To take a closer look at the DEA results, plot the heatmap of the per-sample mean gene expression for the top most differentially expressed genes based on non-adjusted pvalue.
# Select the top 50 genes with the smallest adjusted pvalue
df <- gene_list_2 %>% top_n(50,-log10(pvalue))
# Extract the corresponding pseudobulk count matrix
data <- data.frame(counts(dds, normalized=TRUE))[rownames(df),] %>% as.data.frame()
# Create an annotation dataframe which specifies the corresponding condition of each sample
# The rownames of it must be in the same order than the colnames of the data matrix
annotation <- dds@colData %>% as.data.frame()%>% dplyr::select(condition)
rownames(annotation) <- gsub("-",".",rownames(annotation))
# Create also an annotation for the gene, in order to highlight those with a significant adjusted pvalue
gene.annotation <- data.frame(row.names = rownames(data),padj= ifelse(rownames(data) %in% c(gene_list_2 %>% filter(padj<0.05) %>% pull(gene)),"padj < 0.05","padj > 0.05"))
# Use this function to scale the data = compute z-scores (it retrieves the cell-wise mean to each value and divides by the cell-wise standard deviation)
data <- flexible_normalization(data)
# List the color of the columns and rows annotation to display in the heatmap
annot.cols <- list("condition"=c("None"="#913c3c","Nintedanib"="#8e3c91"), "padj" =c("padj < 0.05"="gold","padj > 0.05"="grey"))
# Create a color palette for the scaled gene expression, with the white centered on 0 values
paletteLength = 100
myColor = colorRampPalette(rev(brewer.pal(n = 9, name ="RdBu")))(paletteLength)
Breaks = c(seq(min(data), 0, length.out=ceiling(paletteLength/2) + 1),
seq(max(data)/paletteLength, max(data), length.out=floor(paletteLength/2)))
p2 <- pheatmap(t(data),annotation_row = annotation,annotation_col = gene.annotation,annotation_colors = annot.cols,cluster_cols = T,cluster_rows = T,color = myColor,fontsize_col = 10,treeheight_row = 10,treeheight_col = 10,breaks = Breaks,show_colnames = T)
By comparing both heatmaps visually, it appears that the signature identified with pseudobulks is more consistent across biological replicates than that obtained via the Wilcoxon test (see the genes highlighted in the red boxes).
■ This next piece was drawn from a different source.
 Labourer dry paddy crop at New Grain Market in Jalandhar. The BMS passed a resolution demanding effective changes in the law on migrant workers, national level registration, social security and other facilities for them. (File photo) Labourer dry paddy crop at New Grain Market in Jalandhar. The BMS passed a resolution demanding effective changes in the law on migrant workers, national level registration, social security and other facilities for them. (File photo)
This comparison illustrates the limitations of examinating results solely on the basis of pvalues and their adjustment.
Also, when we compare the top 50 differentially expressed genes with the smallest pvalue identified using the Pseudobulk-based or the Wilcoxon-based approach, we observed than the Pseufobulk approach tends to select lower expressed genes.
On one hand, it can be seen as a positive feature that prevent detecting genes with a high mean-to-variance relation.
However, it may also favors the detection of lowly-expressed genes that are noisy, such as ambient RNA or other ectopic molecules.